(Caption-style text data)
%%

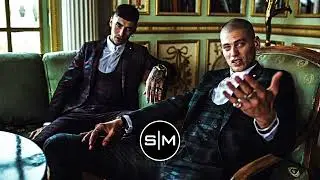 Emin Nilsen, Mzade, 2Pac & Coldplay - Clone, Esta Que Quema, All Eyes On Me & Magic #Music2024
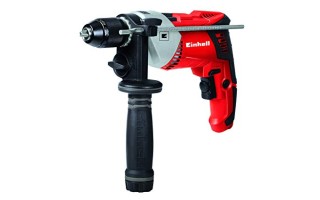 Taladro percutor Einhell TE-ID 750/1 E 4259671 750W Taladro percutor Einhell TE-ID 750/1 E 4259671 750W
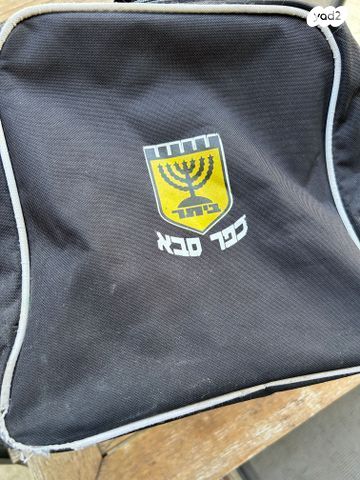 תיק ספורט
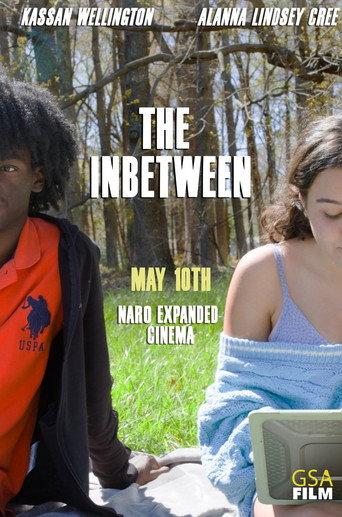 The InBetween (2026) poster
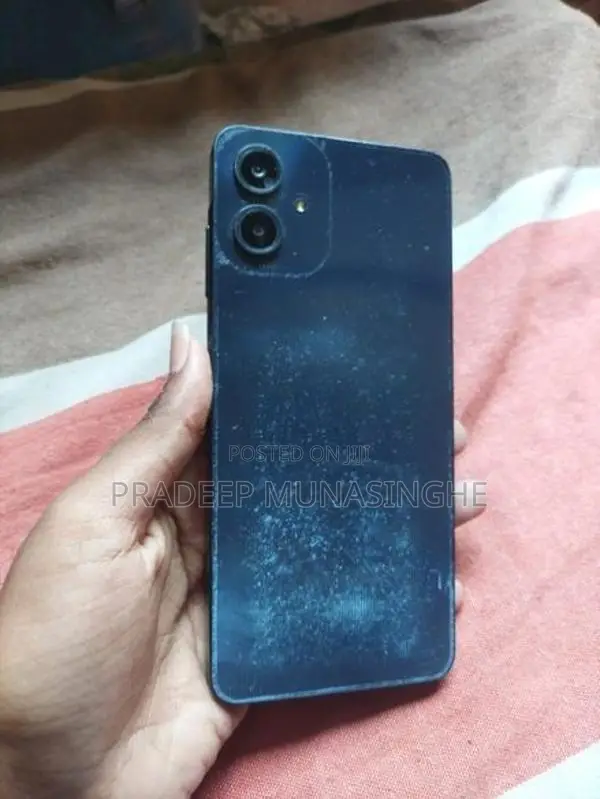 Samsung Galaxy A06 (Used)
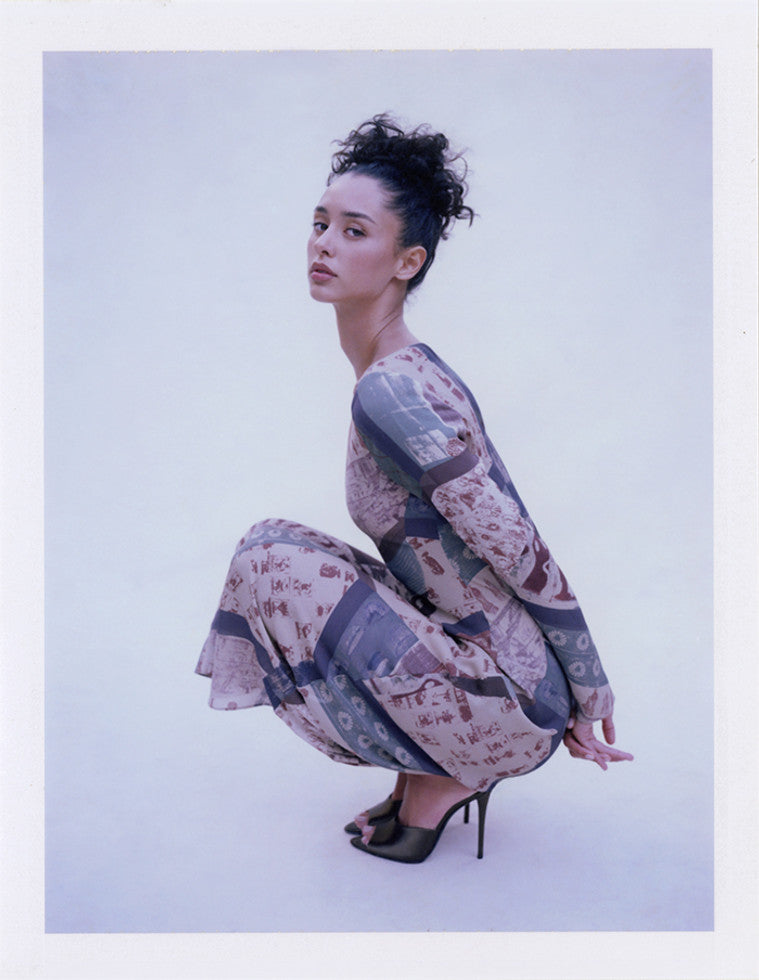 THE COLETTE - RELIC: VINTAGE MINI DRESS FOR EVENTS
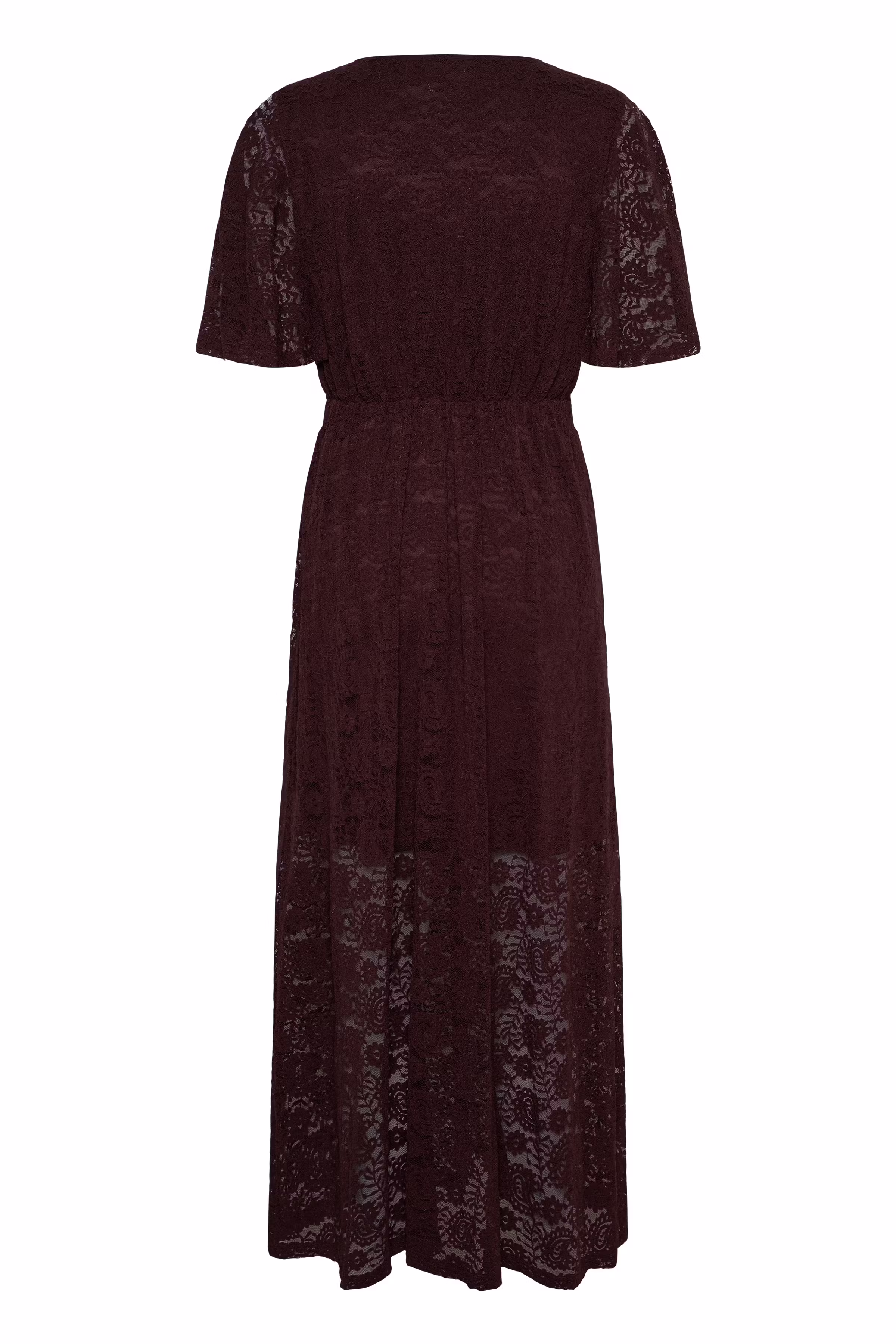 KAlouisa Kjole PACK BACK 10512177-191619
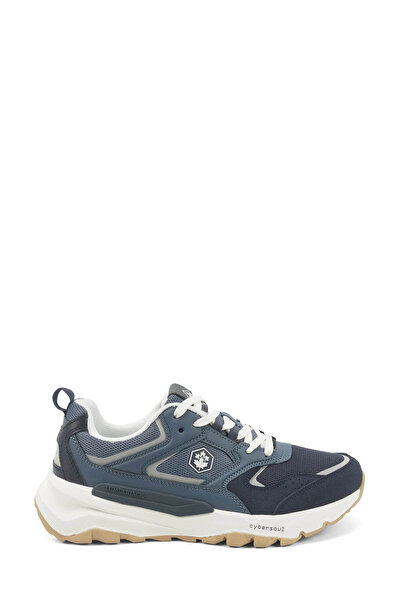 lumberjack Sprey 5Pr Lacivert Erkek Sneaker A102031641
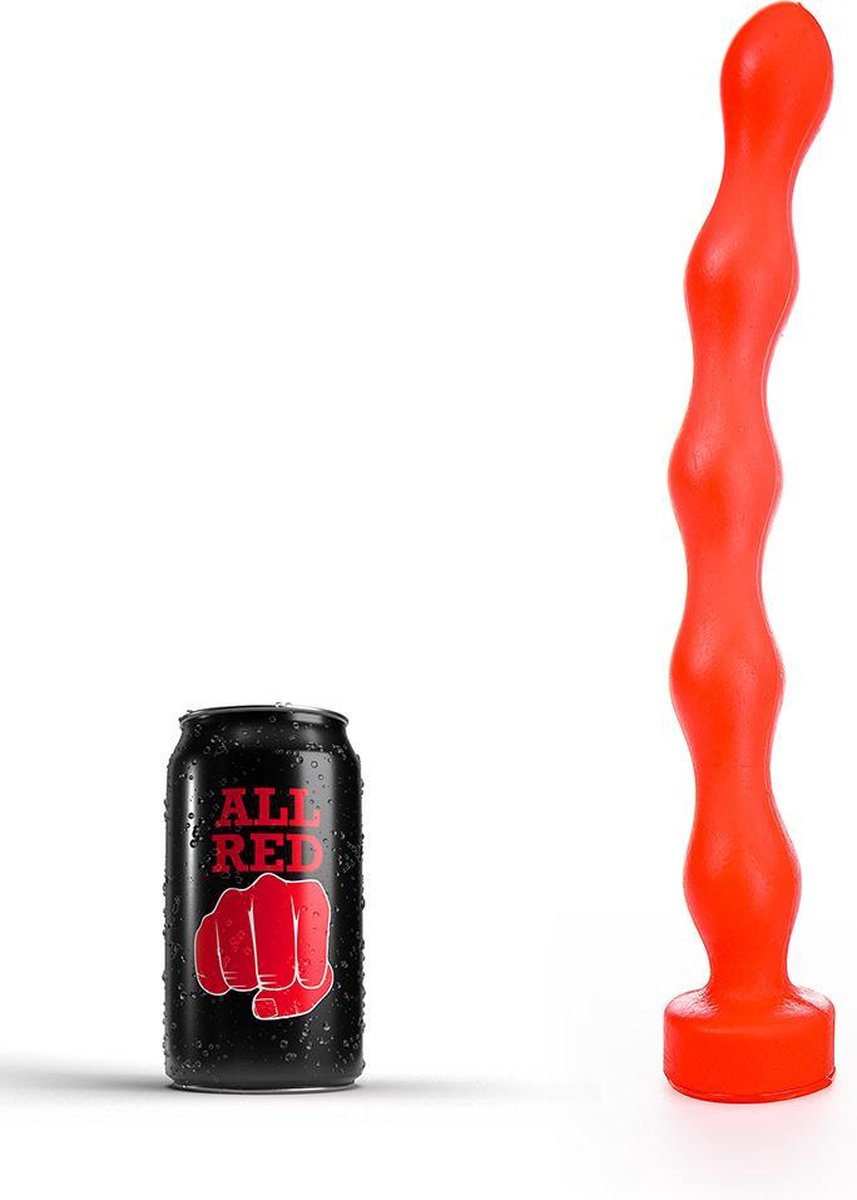 Goedkoopste All Red - ABR69 | All Black
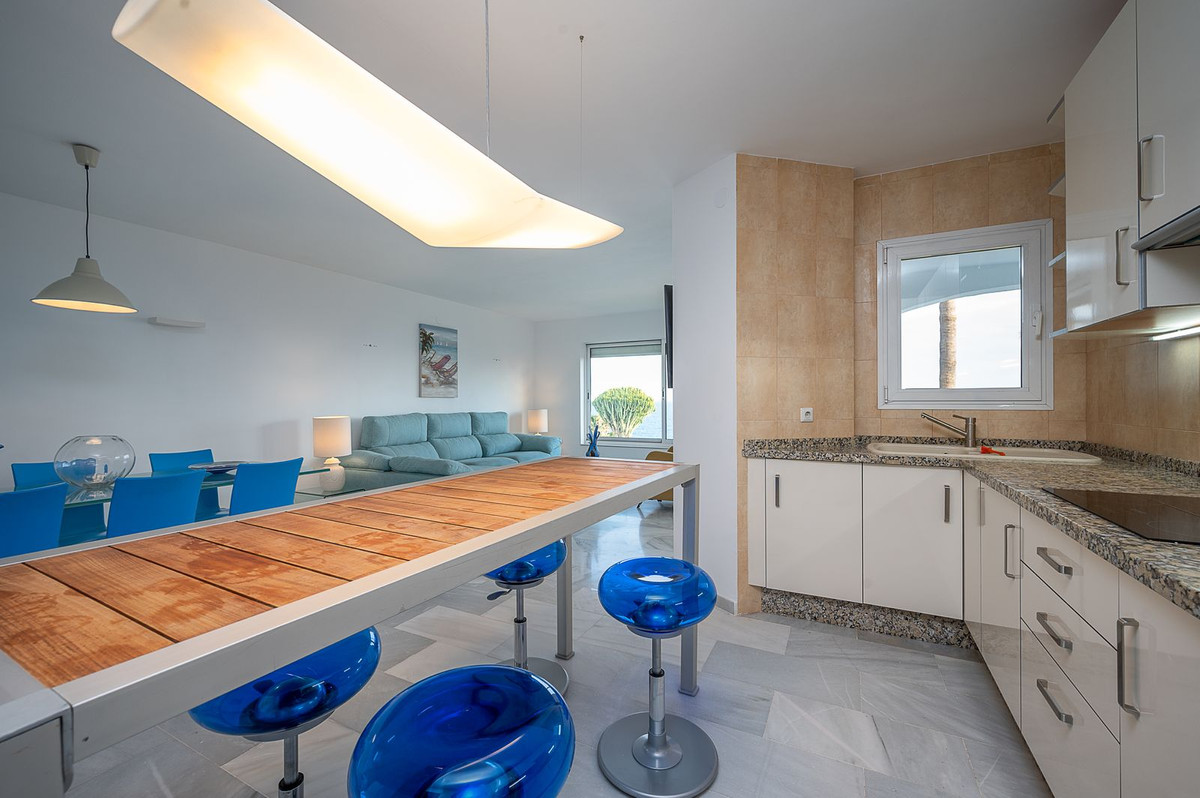 Appartement met 2 slaapkamers in Torrenueva in Torrenueva - foto 5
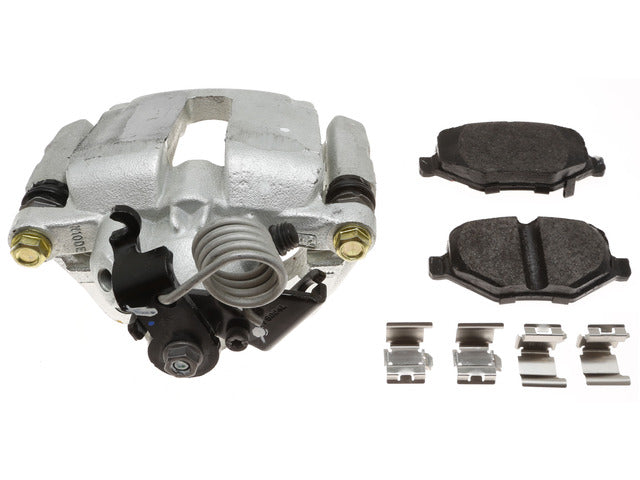 Disc Brake Caliper Raybestos Brakes RC12564P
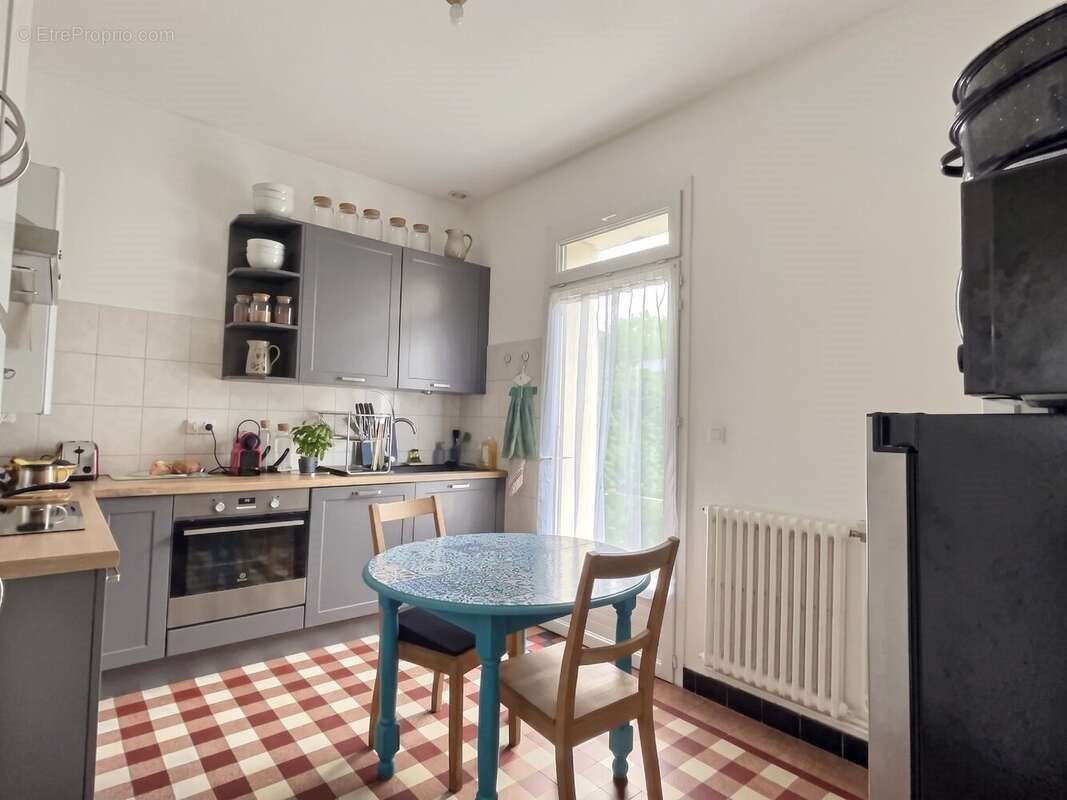 Maison à vendre, 110m², Toulouse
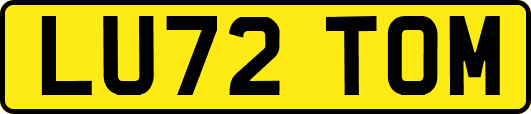 LU72TOM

%%

**TASK BRIEF:** Look above for the line with "THE COLETTE - RELIC: VINTAGE"; quote it and every line after it, stopping after the line with "Appartement met 2", exactly, with nothing added and without pictures.

**ANSWER SECTION:**
 THE COLETTE - RELIC: VINTAGE MINI DRESS FOR EVENTS
 KAlouisa Kjole PACK BACK 10512177-191619
 lumberjack Sprey 5Pr Lacivert Erkek Sneaker A102031641
 Goedkoopste All Red - ABR69 | All Black
 Appartement met 2 slaapkamers in Torrenueva in Torrenueva - foto 5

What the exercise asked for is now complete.